Okay, I’ve got it. Since this might be the most “Speenish”—(i.e., my last name, as an adjective, meaning the distillation of the R. Speen essence (sometimes, though not to be, confused with patchouli and burning sage))—of all popular rock ‘n’ roll records, I’m going to officially, as of this date forward, name this record: Led Zeppelin Speen.

20
Aug
17

Ramal LaMarr “Omens, Oracles & Mysticisms of Dance”

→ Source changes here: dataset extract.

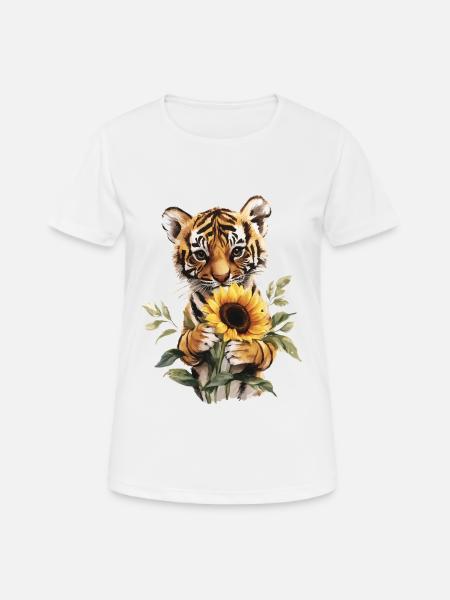 Gepard - Frauen T-Shirt atmungsaktiv - Weiß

It’s not easy to find anything about Ramal LaMarr on the internet, and though, of course, I could dig deeper, I’m not sure if I want to, because I’m looking while listening to this record and starting to get the heebie-jeebies, because it sounds a lot like the music one would listen to while performing human sacrifices. I don’t know why I think that, really—I must have seen too many human sacrifice movies, though I can’t recall ever having seeing any. That level of creepiness is not my thing, really, though it’s kind of fun thinking about in relation to this record. The cover looks creepily homemade, with cut-out images of a belly dancer and a guy (Ramal?) who is wearing what looks like some kind of Satanic garb. The images seem to have been cut out with a very sharp knife (sharp enough to cut out a human heart?) and placed on a background that looks like a wall mural for a Middle-Eastern restaurant. There’s a feeling of finality to it, like the name of the album sounds like it could be his first, second, and final record all in one. Also, it’s very long, like nearly an hour in length, which… I guess if you’re in the middle of a human sacrifice you don’t want to have to stop and turn over the record.

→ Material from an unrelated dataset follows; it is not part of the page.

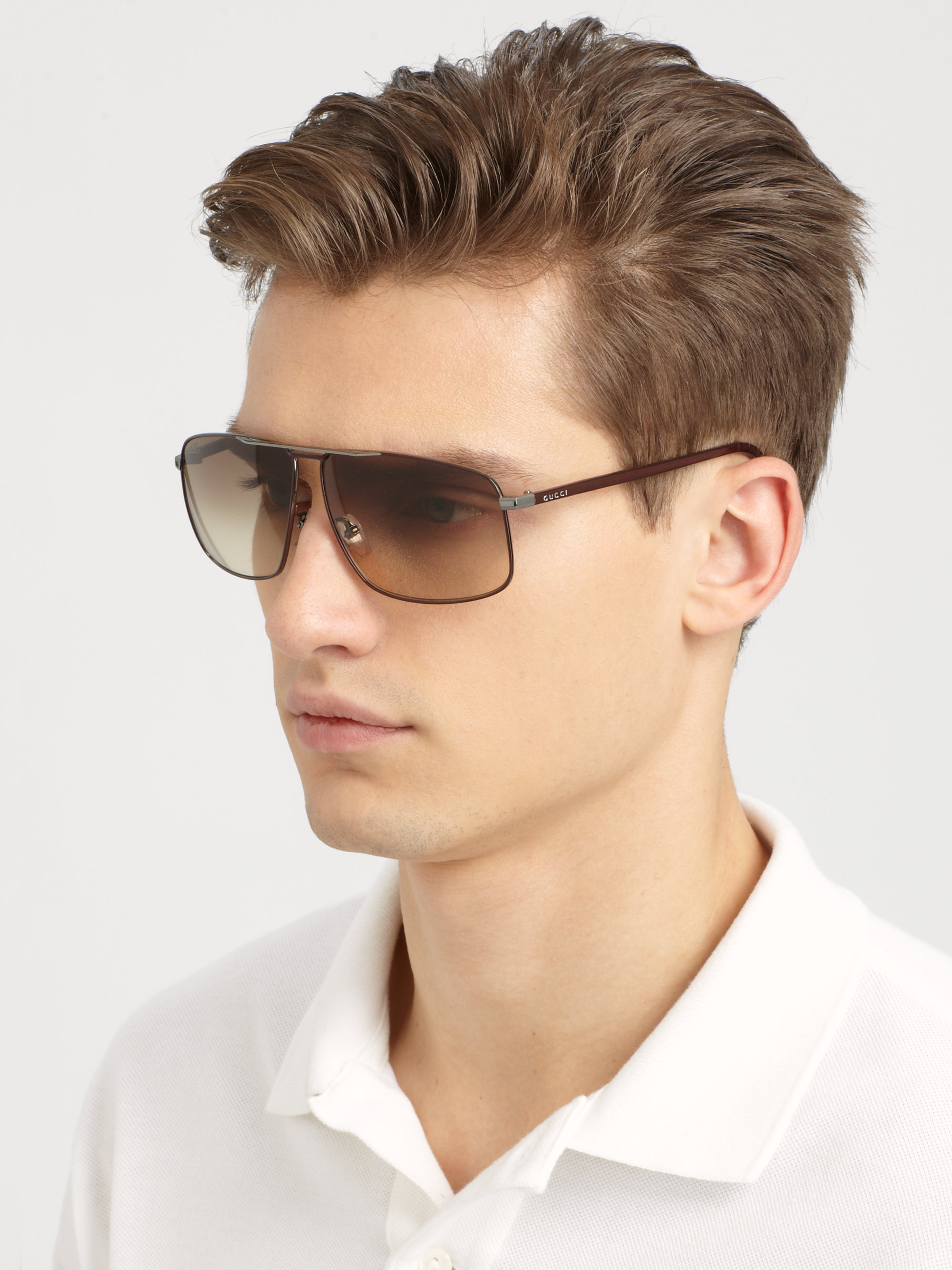 Gucci Metal Navigator Sunglasses In Brown For Men Lyst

Though maybe I’m overthinking things—the internet says he put out a couple of records after this one, and they all do have “dance” in the title; maybe this is essentially belly dance music. Which is what it sounds like, though on the sinister end of that spectrum. It’s from 1983, and the label is “Lotus”—out of Milwaukee. It’s instrumental, consisting mostly of synthesizer and percussion. Credits indicate that Ramal LaMarr plays everything except “Zills”—which are credited to “Chandrani”—who I’m guessing might be the belly dancer on the cover. Besides synth and bass, there are Arabian Drums, Kanoon, and Mbira listed. A few songs end with a really kind of creepy and ominous gong. As I listen to the whole record again while typing this, it’s actually starting to grow on me; it’s somewhat soothing on one hand, and kind of trance-inducing on another, and kind of anxiety producing on another. I know that’s three hands—thus the anxiety, I guess. But really, I could see this as really good music for writing, making love, or preparing an elaborate Thanksgiving dinner while the in-laws sit nervously in the next room sipping Brandy Alexanders, wondering just who their daughter got herself mixed up with this time.

07
Aug
17

The Association “Insight Out”

I never paid much attention to The Association but I heard the song “Never My Love” in a movie sometime fairly recently (can’t remember what movie) and it struck me as a great song, as familiar as it is, it was kind of discovering a new song. People must have went nuts for it when it was new and on the radio; it’s an undeniable pop classic—what does it take to write a song like that?—how much of it is just luck? The rest of this record can’t come close to that song, and most of it strikes me as annoying happy hippie bullshit. “Windy” was a hit when I was a kid (this record came out in 1967)—on the radio a lot, and I might have had the single—but I don’t really like it much. If I tried really hard I might find more to like about this record, but life is short (and LPs are long). The album cover is uninspiring (and way too familiar if you ever look for used records) but there is the address of The Association Fan Club: 24 N. Mentor, in Pasadena, which is now The Ice House, a comedy club.

26
Jun
10

Boston “Don’t Look Back”

“Don’t Look Back” is Boston’s appropriately titled second album, from 1978—I mean appropriately for me, since that was the year I traded in my cap’n’gown for the ball’n’chain. I guess I never really thought I’d enjoy the success of a #1 on the charts album, but I did believe, at that time, that I could pursue a life of partying—which was my course of study at Kokomo Community College. This record went virtually unnoticed by my friends and me, I suppose, seeing it as pretty much a continuation of the first record, which we weren’t much interested in after its initial novelty. We were listening to the Sex Pistols at the time, and these bands seemed like night and day. Only now do I realize they weren’t all that different, at least musically: melodic, driving, hard rock with pop hooks. Of course, the vocals have little in common, though I have to admit, today, June 26, 2010, I’m more in the mood to listen to Brad Delp’s voice than Johnny Rotten’s. That said, lyric-wise is really where the difference lies. I’m maybe listening to Boston lyrics for the first time right now. What’s all this about a “golden rabbit” on the title song? Fortunately, this record contains a sleeve with lyrics, so I’m able to see that what sounds to me like “golden rabbit” is actually: “I finally see the dawn arrivin.'”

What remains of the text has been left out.